Information: The compile process below is basic and further information about compiling in own platform can be found in Readme.your-platform


Note: XBMC is open source (GPL) software and as so the source code is available for anyone to modify and/or compile (under the rules of the GPL).

Contents

1 Prerequisites

Supported Linux Operating-System installed on a supported computer, currently the officially supported OS are
Ubuntu Desktop Edition
Ubuntu Server Edition
Ubuntu Minimal
Ubuntu for ARM
Note: Note that it is also possible to compile and run 32-bit XBMC under 64-bit (AMD64/EMT64) Ubuntu if you run it in a 32bit chroot.
Other working distributions (but officially unsupported) are
Some hardware requirements

x86-based computer. No other special hardware is required for development, as developers can compile using the "make sdl_2d option" (see README.linux). However for end-users the minimum requirement is a 3D GPU (Graphics Processing Unit) that at least supports Shader Model 3.0 and OpenGL 2.0 (that features 24bpp or 32bpp for 3D hardware-acceleration support, which XBMC GUI need to run smootly at an acceptable frame-rate).
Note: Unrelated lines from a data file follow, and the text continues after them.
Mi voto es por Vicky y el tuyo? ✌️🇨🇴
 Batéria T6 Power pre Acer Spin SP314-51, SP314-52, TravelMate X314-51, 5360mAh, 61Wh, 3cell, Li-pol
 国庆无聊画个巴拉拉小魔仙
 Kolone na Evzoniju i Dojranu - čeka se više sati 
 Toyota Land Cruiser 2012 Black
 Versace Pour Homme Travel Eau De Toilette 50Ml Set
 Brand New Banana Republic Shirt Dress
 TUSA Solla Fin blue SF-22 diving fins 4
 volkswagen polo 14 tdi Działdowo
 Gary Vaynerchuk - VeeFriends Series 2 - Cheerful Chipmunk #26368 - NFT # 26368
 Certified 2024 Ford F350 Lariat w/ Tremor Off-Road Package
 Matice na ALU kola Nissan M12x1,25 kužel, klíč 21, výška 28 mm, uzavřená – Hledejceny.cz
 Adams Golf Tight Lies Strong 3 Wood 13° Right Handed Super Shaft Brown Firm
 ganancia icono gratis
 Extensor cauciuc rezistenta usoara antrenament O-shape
Graphic adapters that support DirectX version 9.0c or later usually meet all of those mentioned requirements, (Team-XBMC recommends NVIDIA GeForce 6150 or later as NVIDIA are currently the manufacturer that offers good device-drivers for Linux (and NVIDIA GeForce 6150 or later supports OpenGL 2.0).

2 Getting the source code

For the first time:

sudo apt-get install git-core -y
cd $HOME
git clone git://github.com/xbmc/xbmc.git

In order to update the source code (and clean old make files):

cd $HOME/xbmc
git clean -xfd
git reset --hard
git pull --rebase

3 Installing required Ubuntu packages

The current list of required packages for each supported version is located in the README.linux file in the GIT

Use a single command to get all build dependencies

For this, you need to specify the PPA in your apt sources.Where are XBMC packages in Ubuntu.

Method 1

With ppa

sudo apt-get update

Here is the magic command to get the build dependencies (used to compile the version on the PPA).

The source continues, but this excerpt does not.